Stagnation in private investment, lower remittance inflow big challenges: UO
Dhaka: The Unnayan Onneshan (UO) revealed that medium-term macroeconomic challenges in the forms of stagnation in ratio of private investment to gross domestic product, deceleration in rate of growth in collection of revenue and lower inflow of remittance, coupled with high youth unemployment loom large.
The independent multidisciplinary think tank in its year-end assessment of the economy said, "The causes of elapsing prospects are more institutional. The gradual corrosion of institutions has constrained allocation of resources to channel efficiently into the productive sectors in order for the economy to get higher returns in terms of expanded productive capacity."
The Unnayan Onneshan noted that the stagnation in the ratio of private investment to Gross Domestic Product (GDP) and ever increasing rise of capital flight, coupled with regulatory unpredictability in economic management have appeared to be the major challenges in the economy.
The think tank showed that private investment as percentage of GDP decreased by 0.04 percent on average since FY 2008-09. Private investment stood 21.87, 21.56, 22.14, 22.50, 21.75, 22.03, 22.07, and 21.78 percent of GDP in FY 2008-09, 2009-10, 2010-11, 2011-12, 2012-13, 2013-14, 2014-15, and 2015-16 respectively.
The think tank showed that the collection of total tax revenue as percentage of GDP has been declining since FY 2012-13. Total tax revenue as percentage of GDP stood at 9.74 percent, 9.69 percent, 9.28 percent, and 8.98 percent in FY 2012-13, FY 2013-14, FY 2014-15, and FY 2015-16 respectively.

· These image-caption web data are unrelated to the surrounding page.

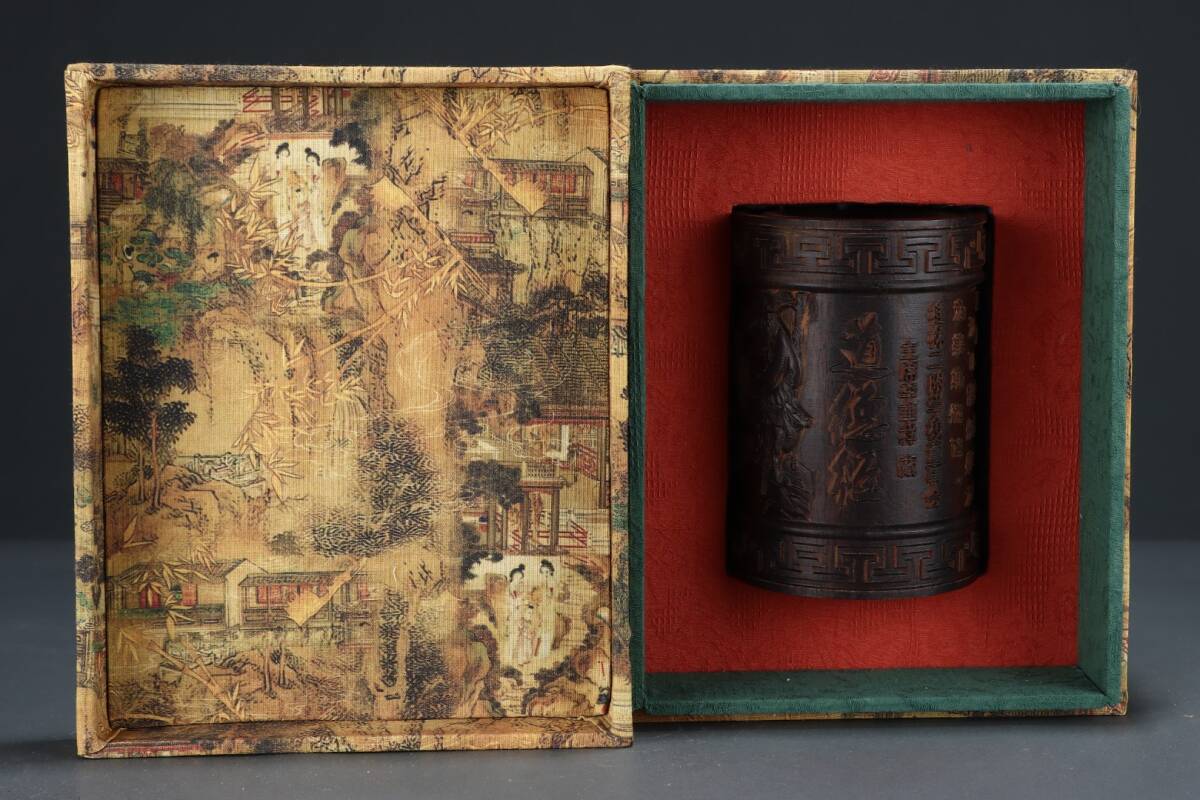 旧蔵 沈香木彫 道德經 筆筒 古擺件 古置物 中国古玩 骨董品 時代物 稀少唐物拍卖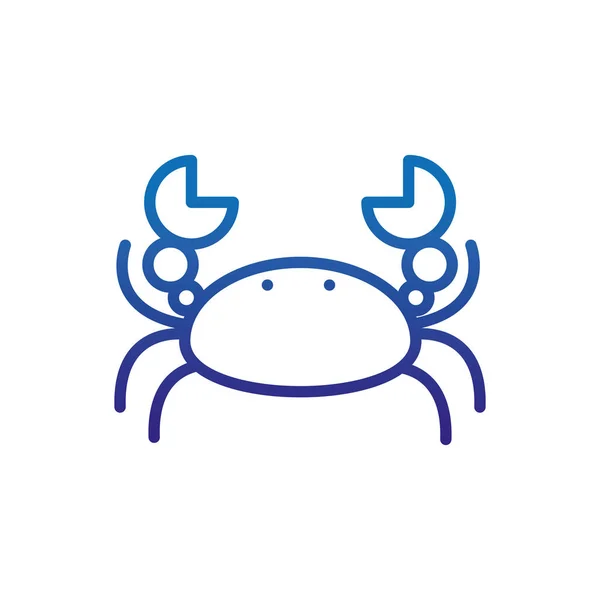 Crab crustacean animal marine life thick line blue — Stok Vektör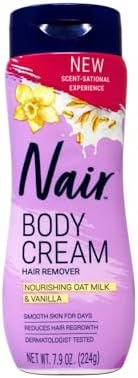 Nair Body Cream Hair Remover, Nourishing Oat Milk & Vanilla, Dermatologist Tested, 7.9 oz (Pack of 3)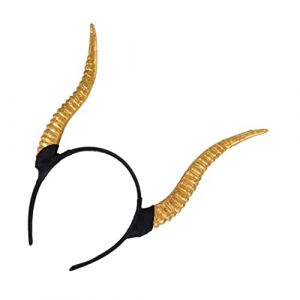 Beavorty bandeau en corne déguisements d'halloween chapeau femmes fermoir -tête halloween bandana deguisement adulte Bandeau de Couvre-chef en corne de taureau résine Doré (T Innovation·HX, neuf)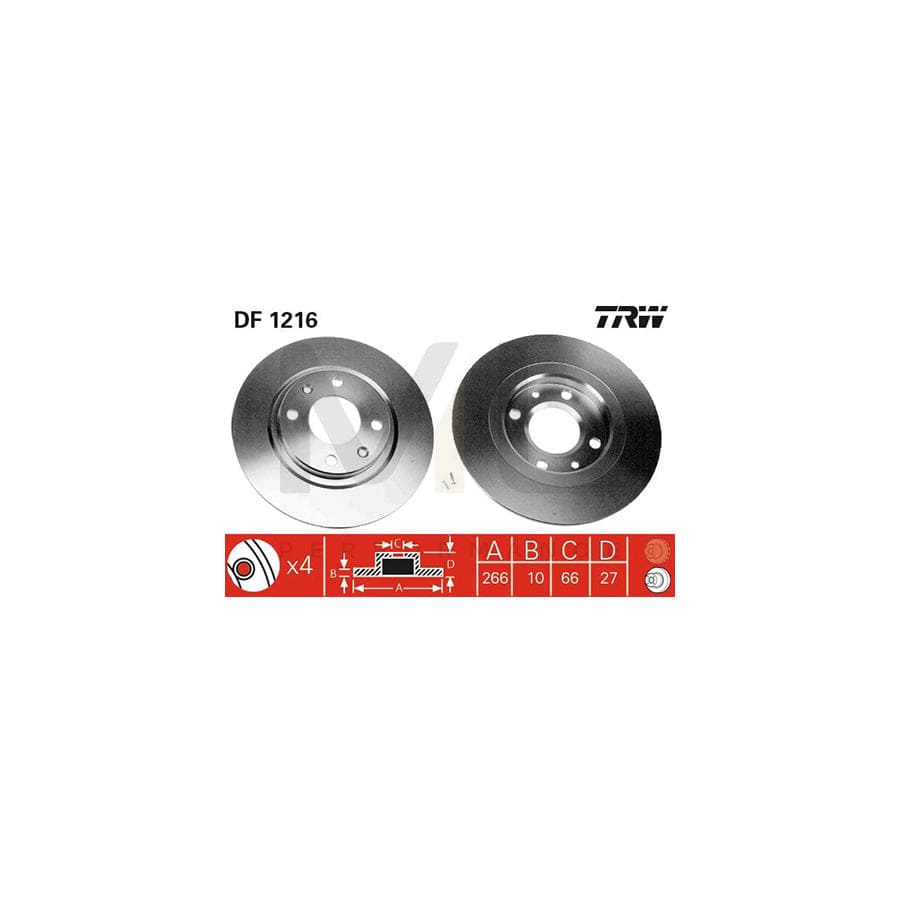TRW DF1216 Brake Disc Solid, Painted, with bolts/screws  - 1 piece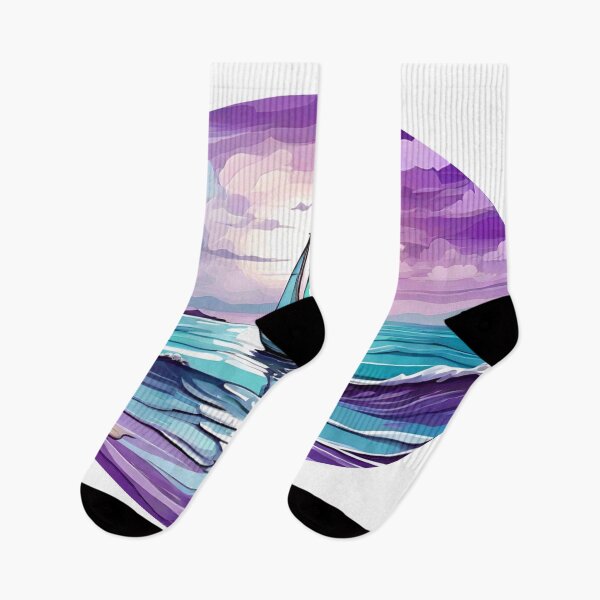 Item preview, Abstract Waves & Sailboat (394) designed and sold by WASjourney.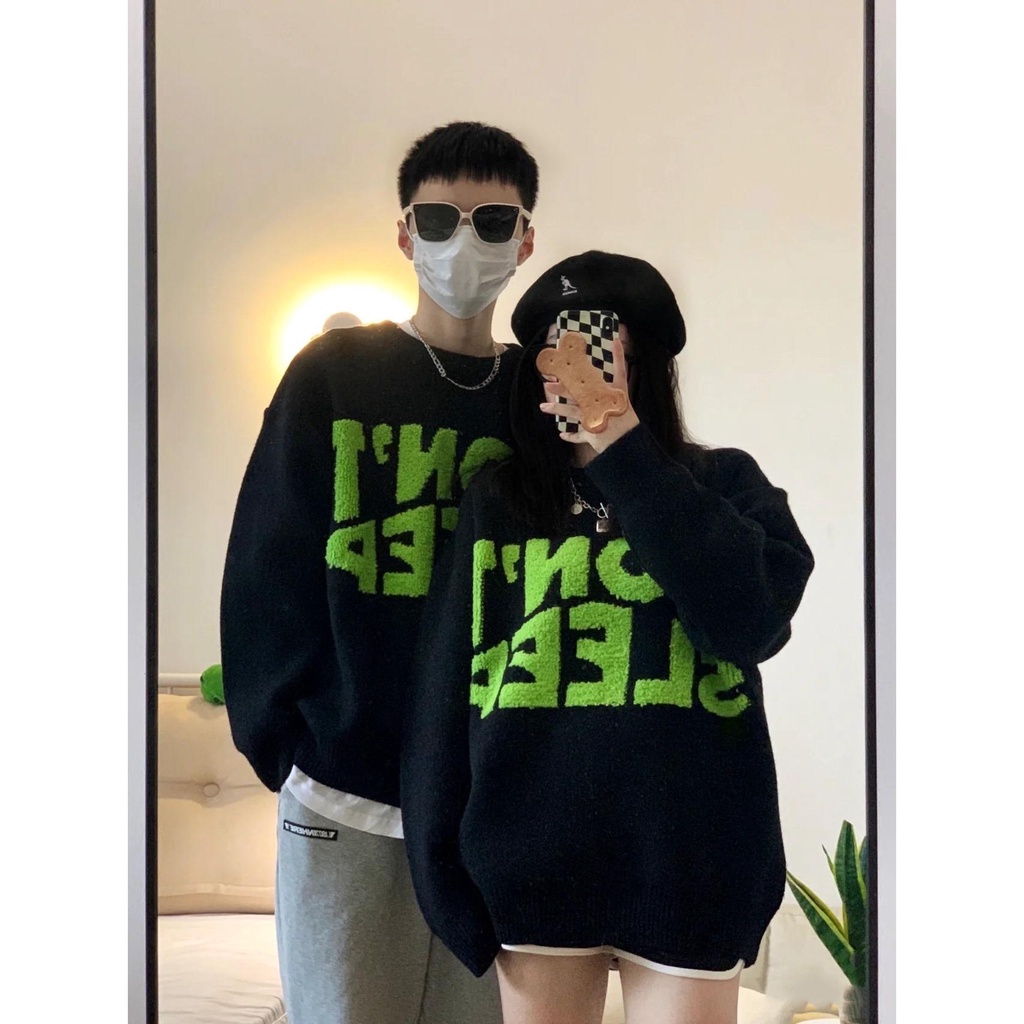 impor [48 jam pengiriman] gaya Jepang pullover vintage couple sweater pakaian luar wanita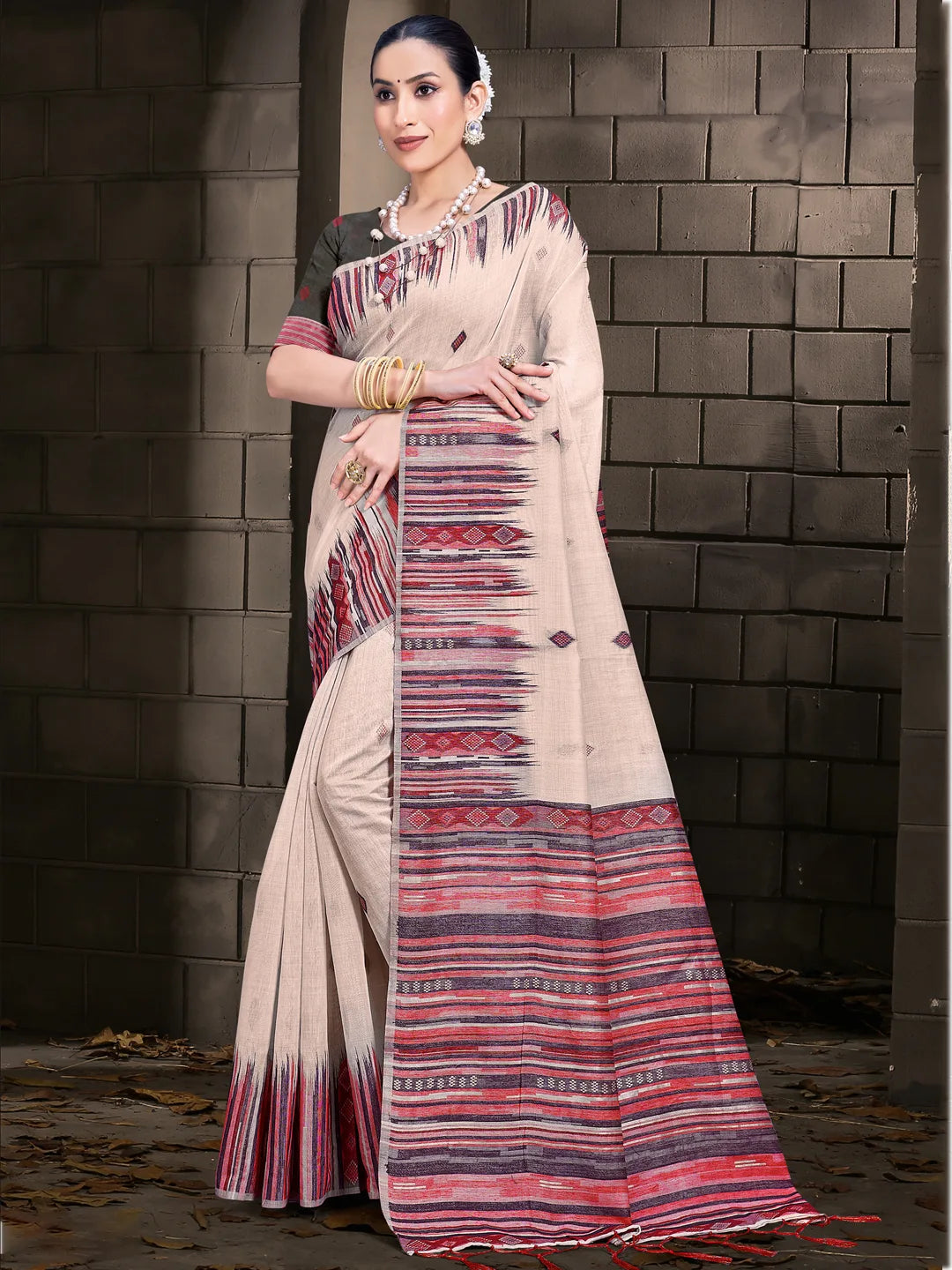 Cream Cotton Woven Work Festival Saree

Declining trend is also observed in the inflow of workers' remittance in the first five months of FY 2016-17 compared to the corresponding period of the previous fiscal year. Inflow of workers' remittance declined by 15.65 percent to 5208.12 million USD in July-November 2016 from 6174.59 million USD in July-November 2015.
In view of the present economic challenges, the research organization urges adoption of a medium-term strategy, encompassing employment enhancement actions, higher revenue collection through expanding the tax base, institutional reform in financial sector, increased private investment through recovering business confidence, effective harmonization of macroeconomic policies, and development of a functional social security system.